I made out like a bandit with Alaska airlines and covid. I had to cancel rt flights to Kauai for 6 persons. They gave me credit to use within 10 months, after that it expires. Then 2 weeks later they offered me to exchange the $value to miles at a rate of 100 miles for every $1 and no expiration date.
So now I'm set for about 10 + RT to Alaska
Hey ole buddy ole pal....😉
 
I've bought last second, way in advance and everywhere in between, only pattern I've seen is the more you check the higher the price

They make no sense, identical routes a few hours apart will ha e radically different prices, its all supply and demand or at least the softwares perceives view of it
 
Maybe there's some airline guru that can explain...

I was looking to fly to Colorado from Flathead Valley, Montana and it was somewhere around $900, round trip.
However the exact same flight that stops in Colorado to jump on a different flight to go all the way down to cabo San Lucas and back cost only $430 round trip.

Huh?
Because capacity on the FCA-DEN route is low and there is only one airline (United) that serves that city pair consistently (supply is very small).

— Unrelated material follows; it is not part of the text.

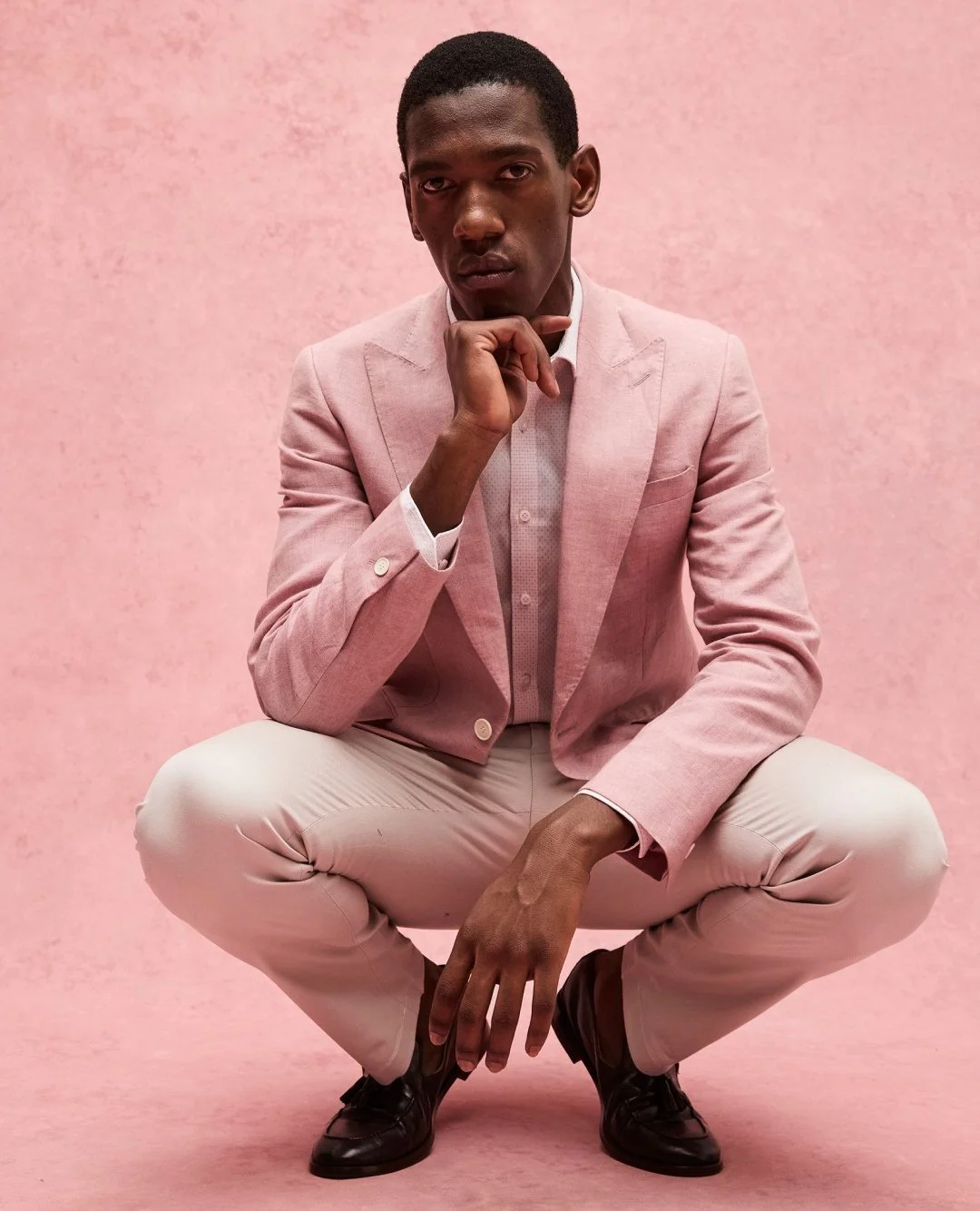 Got a daytime event coming up? We've got the perfect fit for you. ⁠
⁠
Try our pink Vedder sports jacket with a cream chino. Shop the look online, link in bio.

Frontier has started some seasonal flights but as an Ultra-Low-Cost-Carrier they don’t really compete per se with the majors.

So United have an effective monopoly on the Denver route but you have nearly infinite choices for One-stop routes to SJD (Cabo) on a variety of airlines through other hubs so they have to compete against every other airline.

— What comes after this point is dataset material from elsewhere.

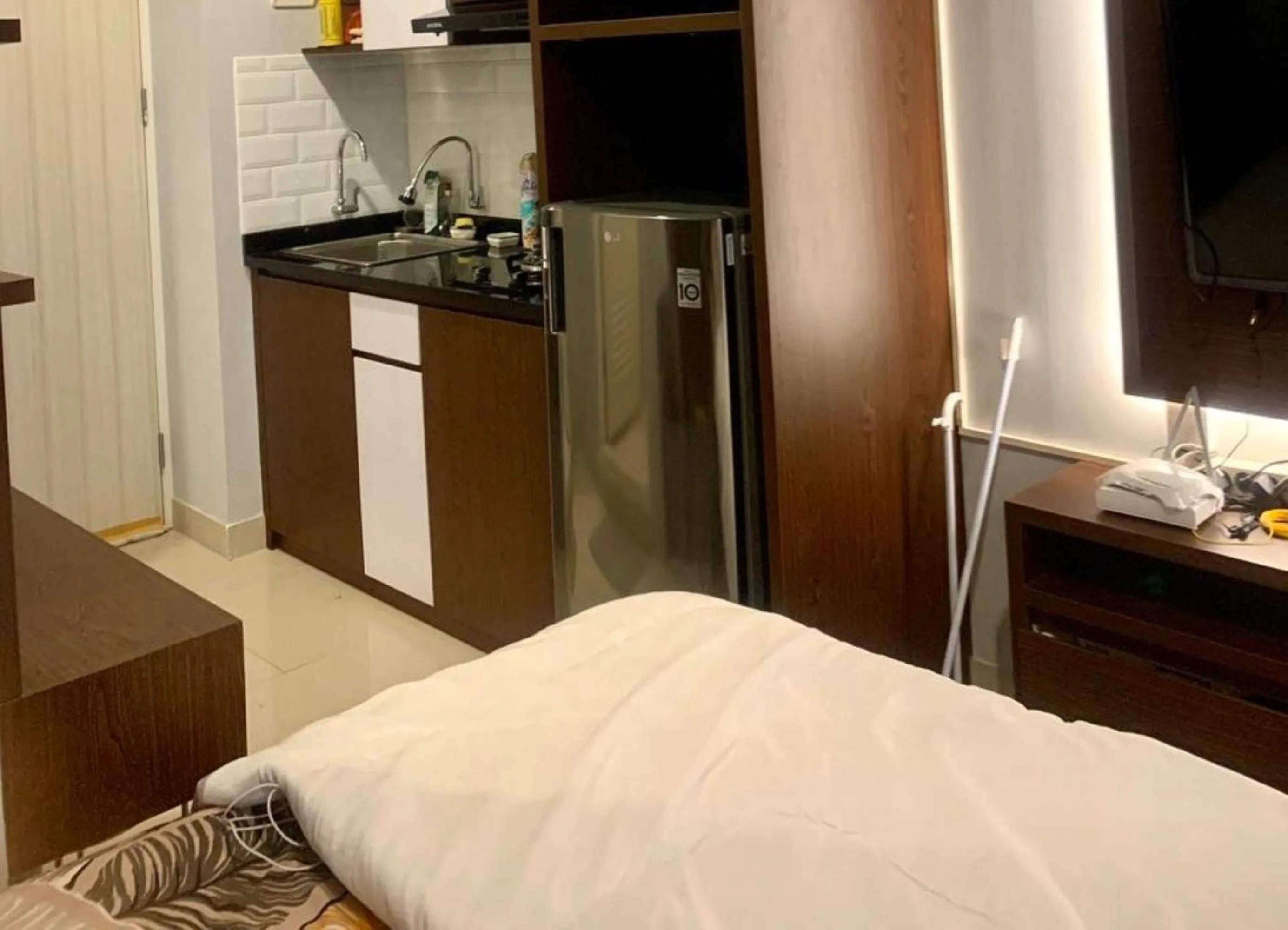 Kitchen or kitchenette, Bed in Grand Kamala Lagoon by Veeroom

It is ‘possible’ (but against airline fare rules) to simply deplane in DEN but they would cancel the return trip since you would be a no-show for the connection (this is called ‘hidden-city’ ticketing and will get you banned from airlines if you do it a lot)
 
Late December but my original flight was $355 for my wife and I. So about $700 total. All the good flights are full. You can get the all nighters with extra stops but those tickets are around $1600 each. They raised their rates. I figure best to just eat the $700.
Yeah - last Year they were more or less giving away flights as demand was off by 90+%

And late December (e.g. Xmas/New Years) to tropical locales (especially in the post-pandemic era) is the absolute pinnacle of demand so you are fighting an uphill battle.

Looks like an overnight via LAX is in the 800-900 range if you can be flexible on dates.

If you don’t have to fly on Avianca metal (meaning you can use the ticket on a codeshare with another star alliance partner), you could look into United or even Air Canada

But I would call and see if they will exchange your vouchers for miles like @Glasseye did with Alaska. LifeMiles (Avianca’s Frequent Flyer program) are pretty easy to use (and they have good redemption rates) and you can use them across the Star Alliance carriers
 
My wife and I flew to St. Croix USVA for Thanksgiving and Talum, Mexico for Easter. Masks were mandatory of course and the paperwork was insane. The one thing that I noticed the most was on both trips, the aircraft were spotless. No boogers stuck to the seat back trays for a change.

I hate flying commercially, and I'm a pilot.